20 As a consequence, I indicated that, whatever the outcome of the proposal for subdivision, the result of the appeal would at least be a consent for the alterations and additions to the existing semi-detached dwelling on the site.

21 A consequence of such a limited result, as indicated by Mr M Benson, a development planner employed by the council, is that no landscape plan would be required if the only consent flowing from the proceedings were to be confined to one for these alterations and additions.

22 The principal relevant planning controls are contained in the LEP. Subdivision is permitted with the consent of the council (cl 11 of the LEP). Hence, the proposal is permissible with consent.

23 The relevant provision setting out the responsibility of the consent authority concerning the zone objectives is set out in cl 13(3) which reads:


          13 Zone objectives and development control

            (1) ……………………

            (2) ……………………

            (3) Except as otherwise provided by this plan, the Council shall not consent to development on land to which this plan applies unless the Council is of the opinion that the development is consistent with one or more of the aims of this plan and at least one specific objective of the zone within which the development is proposed to be carried out.


24 The LEP also contains two general objectives for the three medium to high density residential zones in the council's area (including that within which the site is located). These are:


          14D Medium and high density residential areas—Zones 2 (b), 2 (c), 2 (d)
            General Objectives

            (a) To allow for increased residential density in accessible locations, while minimising the potential for adverse impacts of such increased density on the efficiency and safety of the road network, and
            (b) To encourage innovative design in providing a comfortable living environment which also has regard to solar access, privacy, noise, views, vehicular access, parking and landscaping.
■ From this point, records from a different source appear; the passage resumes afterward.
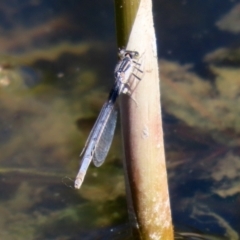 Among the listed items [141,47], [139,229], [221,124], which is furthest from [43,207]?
[141,47]

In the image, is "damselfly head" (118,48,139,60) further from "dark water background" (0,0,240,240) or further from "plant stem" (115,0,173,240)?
"dark water background" (0,0,240,240)

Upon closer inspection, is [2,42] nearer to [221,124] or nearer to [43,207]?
[43,207]

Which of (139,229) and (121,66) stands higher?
(121,66)

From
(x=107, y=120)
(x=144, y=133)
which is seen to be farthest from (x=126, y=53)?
(x=107, y=120)

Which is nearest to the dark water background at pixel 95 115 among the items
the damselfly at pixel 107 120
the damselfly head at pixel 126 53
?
the damselfly at pixel 107 120

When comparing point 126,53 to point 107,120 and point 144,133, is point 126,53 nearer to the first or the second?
point 144,133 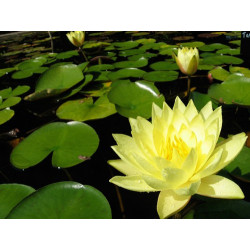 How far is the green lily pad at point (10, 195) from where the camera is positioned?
996mm

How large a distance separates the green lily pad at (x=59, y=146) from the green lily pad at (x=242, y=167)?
69 centimetres

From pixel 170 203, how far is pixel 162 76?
149 centimetres

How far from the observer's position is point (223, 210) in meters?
0.91

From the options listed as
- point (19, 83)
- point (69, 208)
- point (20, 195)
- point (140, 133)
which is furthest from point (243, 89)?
point (19, 83)

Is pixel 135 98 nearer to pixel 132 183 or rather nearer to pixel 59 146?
pixel 59 146

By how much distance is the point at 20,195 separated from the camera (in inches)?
41.4

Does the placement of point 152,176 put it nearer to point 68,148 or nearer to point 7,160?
point 68,148

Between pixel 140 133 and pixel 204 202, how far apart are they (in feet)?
1.31

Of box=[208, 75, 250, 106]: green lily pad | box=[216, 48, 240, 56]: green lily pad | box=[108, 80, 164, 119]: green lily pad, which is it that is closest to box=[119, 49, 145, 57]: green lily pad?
box=[216, 48, 240, 56]: green lily pad

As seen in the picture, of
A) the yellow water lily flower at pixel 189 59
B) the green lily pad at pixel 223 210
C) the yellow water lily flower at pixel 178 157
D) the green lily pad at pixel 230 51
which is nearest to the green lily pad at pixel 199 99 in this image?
the yellow water lily flower at pixel 189 59

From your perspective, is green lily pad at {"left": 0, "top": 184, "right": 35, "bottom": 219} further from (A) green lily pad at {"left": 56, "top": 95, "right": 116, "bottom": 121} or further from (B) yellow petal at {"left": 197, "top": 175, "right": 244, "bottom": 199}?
(B) yellow petal at {"left": 197, "top": 175, "right": 244, "bottom": 199}

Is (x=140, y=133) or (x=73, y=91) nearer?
(x=140, y=133)

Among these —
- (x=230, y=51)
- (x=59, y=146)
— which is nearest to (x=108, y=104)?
(x=59, y=146)

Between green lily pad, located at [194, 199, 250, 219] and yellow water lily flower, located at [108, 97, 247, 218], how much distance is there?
0.51 ft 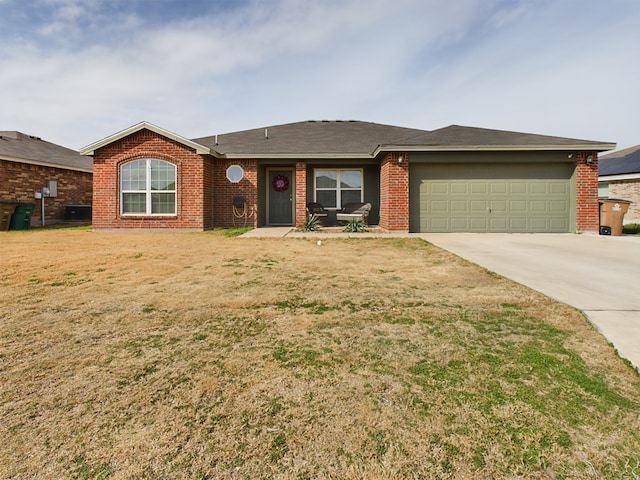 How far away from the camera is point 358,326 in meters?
3.09

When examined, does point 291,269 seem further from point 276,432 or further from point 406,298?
point 276,432

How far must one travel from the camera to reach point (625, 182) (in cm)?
1705

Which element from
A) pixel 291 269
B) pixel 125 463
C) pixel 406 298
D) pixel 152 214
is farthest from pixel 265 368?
pixel 152 214

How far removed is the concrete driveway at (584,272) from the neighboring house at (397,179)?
2.41 meters

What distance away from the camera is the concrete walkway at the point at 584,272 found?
3005mm

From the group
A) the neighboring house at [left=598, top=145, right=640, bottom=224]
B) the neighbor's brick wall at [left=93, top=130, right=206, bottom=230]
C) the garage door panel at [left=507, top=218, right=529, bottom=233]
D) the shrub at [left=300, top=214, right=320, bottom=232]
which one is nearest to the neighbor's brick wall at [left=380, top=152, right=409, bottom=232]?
the shrub at [left=300, top=214, right=320, bottom=232]

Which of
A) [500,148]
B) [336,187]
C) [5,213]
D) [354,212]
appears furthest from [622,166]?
[5,213]

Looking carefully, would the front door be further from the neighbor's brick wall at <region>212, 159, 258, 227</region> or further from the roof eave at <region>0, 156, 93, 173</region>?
the roof eave at <region>0, 156, 93, 173</region>

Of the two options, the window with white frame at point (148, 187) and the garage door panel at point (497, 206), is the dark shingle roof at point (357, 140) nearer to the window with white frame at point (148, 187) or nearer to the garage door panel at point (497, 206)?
the garage door panel at point (497, 206)

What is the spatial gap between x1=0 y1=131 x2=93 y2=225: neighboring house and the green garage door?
15.7m

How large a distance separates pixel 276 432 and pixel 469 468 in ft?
2.80

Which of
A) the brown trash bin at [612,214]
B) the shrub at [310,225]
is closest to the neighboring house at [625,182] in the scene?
the brown trash bin at [612,214]

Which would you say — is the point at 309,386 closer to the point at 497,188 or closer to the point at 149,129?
the point at 497,188

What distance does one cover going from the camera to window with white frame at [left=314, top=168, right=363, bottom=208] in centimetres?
1420
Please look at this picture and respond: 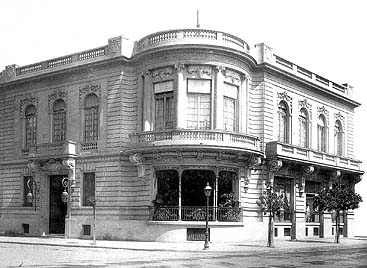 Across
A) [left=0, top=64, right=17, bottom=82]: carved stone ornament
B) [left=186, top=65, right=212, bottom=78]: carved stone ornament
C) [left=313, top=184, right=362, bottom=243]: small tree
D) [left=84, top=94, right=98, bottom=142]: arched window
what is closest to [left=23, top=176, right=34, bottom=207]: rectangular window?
[left=84, top=94, right=98, bottom=142]: arched window

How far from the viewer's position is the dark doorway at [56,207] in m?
38.8

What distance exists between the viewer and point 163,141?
33.1 m

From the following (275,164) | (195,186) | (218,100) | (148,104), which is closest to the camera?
(195,186)

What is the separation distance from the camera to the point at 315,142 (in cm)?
4284

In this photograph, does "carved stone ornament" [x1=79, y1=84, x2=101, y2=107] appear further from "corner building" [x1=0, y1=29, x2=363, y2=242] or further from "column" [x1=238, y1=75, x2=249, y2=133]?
"column" [x1=238, y1=75, x2=249, y2=133]

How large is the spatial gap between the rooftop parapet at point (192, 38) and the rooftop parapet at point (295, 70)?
7.34ft

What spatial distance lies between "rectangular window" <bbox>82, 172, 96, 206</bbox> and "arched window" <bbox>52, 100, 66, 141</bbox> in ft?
11.7

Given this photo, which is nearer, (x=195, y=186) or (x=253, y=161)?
(x=195, y=186)

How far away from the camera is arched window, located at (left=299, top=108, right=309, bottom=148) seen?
41.5m

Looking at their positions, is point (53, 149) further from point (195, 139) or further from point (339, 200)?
point (339, 200)

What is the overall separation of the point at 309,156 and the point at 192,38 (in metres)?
12.5

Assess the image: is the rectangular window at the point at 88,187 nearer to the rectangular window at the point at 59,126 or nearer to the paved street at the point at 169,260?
the rectangular window at the point at 59,126

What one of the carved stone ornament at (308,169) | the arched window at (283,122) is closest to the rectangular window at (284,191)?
the carved stone ornament at (308,169)

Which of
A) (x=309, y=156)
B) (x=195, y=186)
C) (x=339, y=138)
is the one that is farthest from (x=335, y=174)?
(x=195, y=186)
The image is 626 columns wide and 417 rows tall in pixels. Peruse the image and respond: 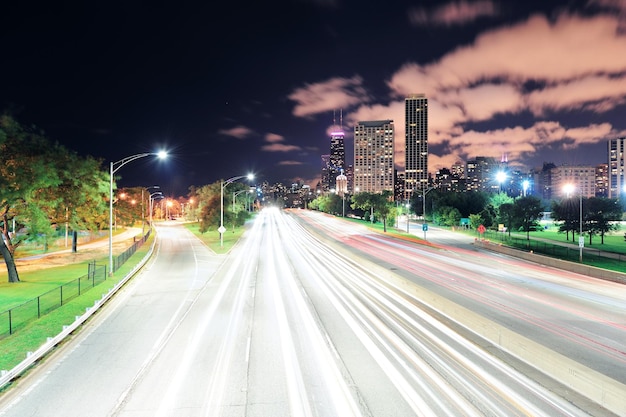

25 It is clear, however, from cl 13(3), that no specific threshold hurdle is invoked by these general objectives. The present site is one which, in the words of Mr Benson, is at a location characterised (relevantly to the first of the general objectives) as being:

      • proximate to public transport along Mowbray Road, Penshurst Street (north of Mowbray Road) and Willoughby Road; and
      • proximate to local shops and services that can meet the needs of the intended additional population.

26 Thus, in the council’s opinion, the site clearly satisfies the first of these objectives as a site for increased residential density – in abstract terms. I am satisfied that such an increase in density is also something which would be effected by the application – albeit by only a very minor degree.

27 Mr Wilson pressed me to find that the proposal also, in itself, proposed medium density development. He put this on the basis that, because there would be two dwellings where there had originally been only one on the un-subdivided allotment, this necessarily implied an increase in density; and such increase in density, albeit modestly, constituted medium density housing.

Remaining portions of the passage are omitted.